Segment Start: DATA EXCERPT

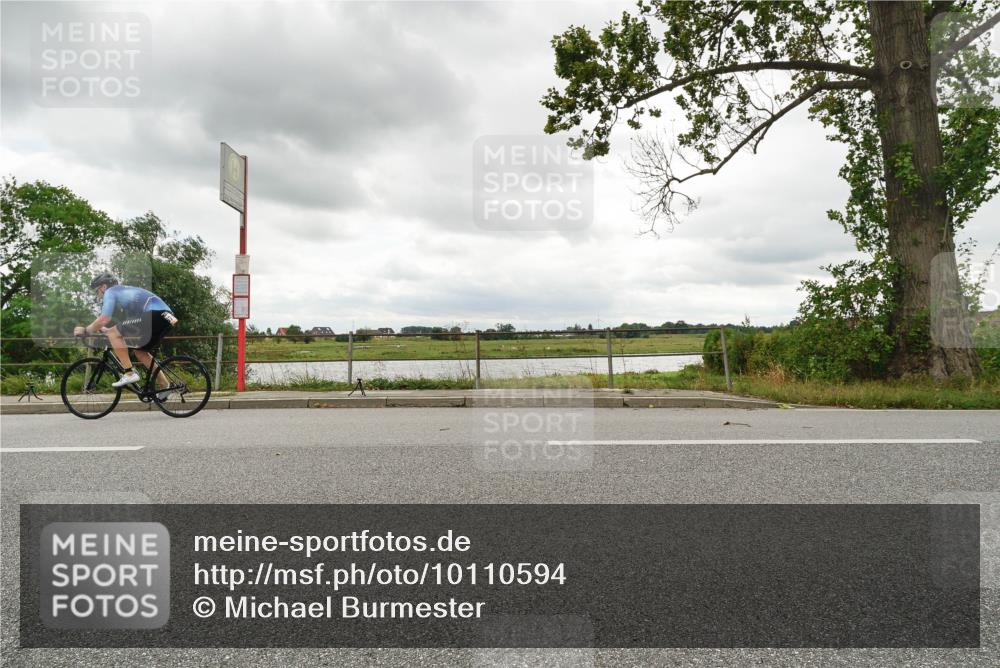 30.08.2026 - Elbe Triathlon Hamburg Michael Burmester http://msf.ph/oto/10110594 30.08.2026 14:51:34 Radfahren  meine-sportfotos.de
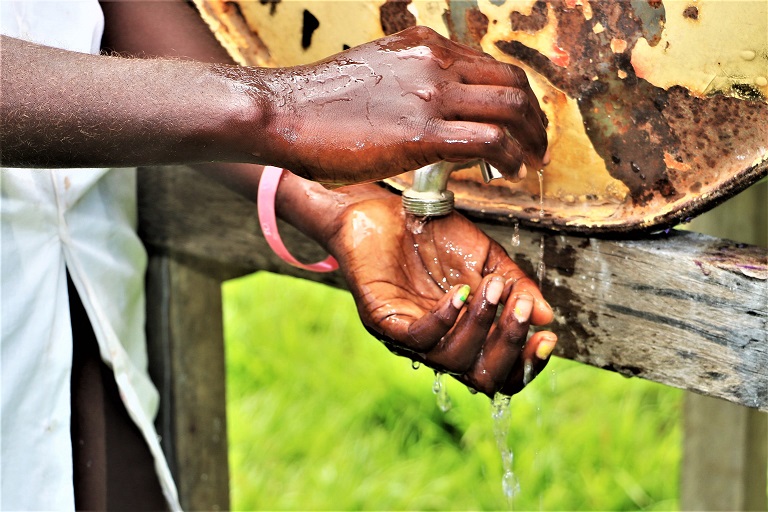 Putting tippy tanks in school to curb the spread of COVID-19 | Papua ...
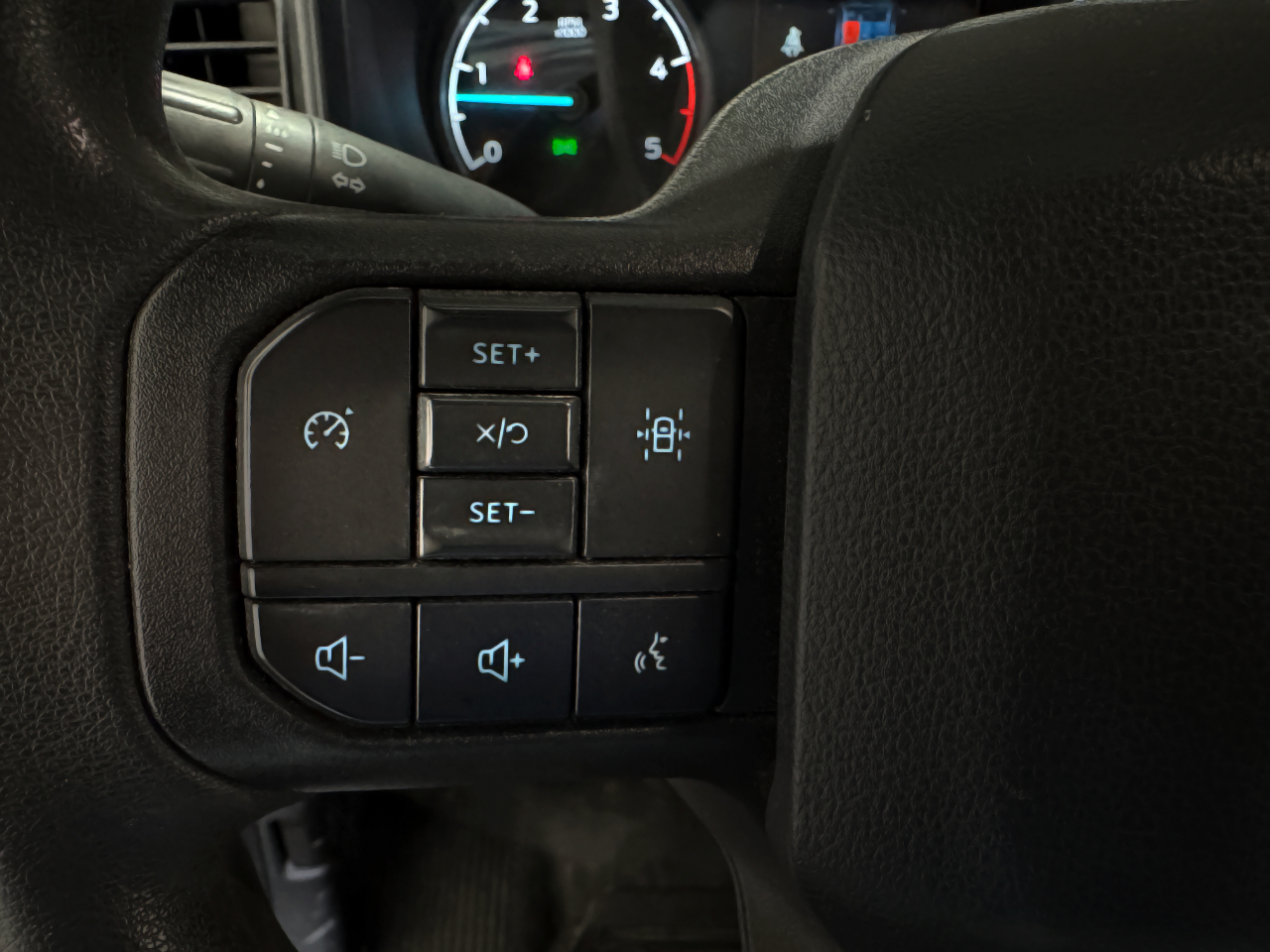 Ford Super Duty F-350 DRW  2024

Segment End: DATA EXCERPT

## ACTION ITEM
Omit the pictures, then quote the rest of the material above exactly.

## YOUR RESPONSE
 30.08.2026 - Elbe Triathlon Hamburg Michael Burmester http://msf.ph/oto/10110594 30.08.2026 14:51:34 Radfahren  meine-sportfotos.de
 Putting tippy tanks in school to curb the spread of COVID-19 | Papua ...
 Ford Super Duty F-350 DRW  2024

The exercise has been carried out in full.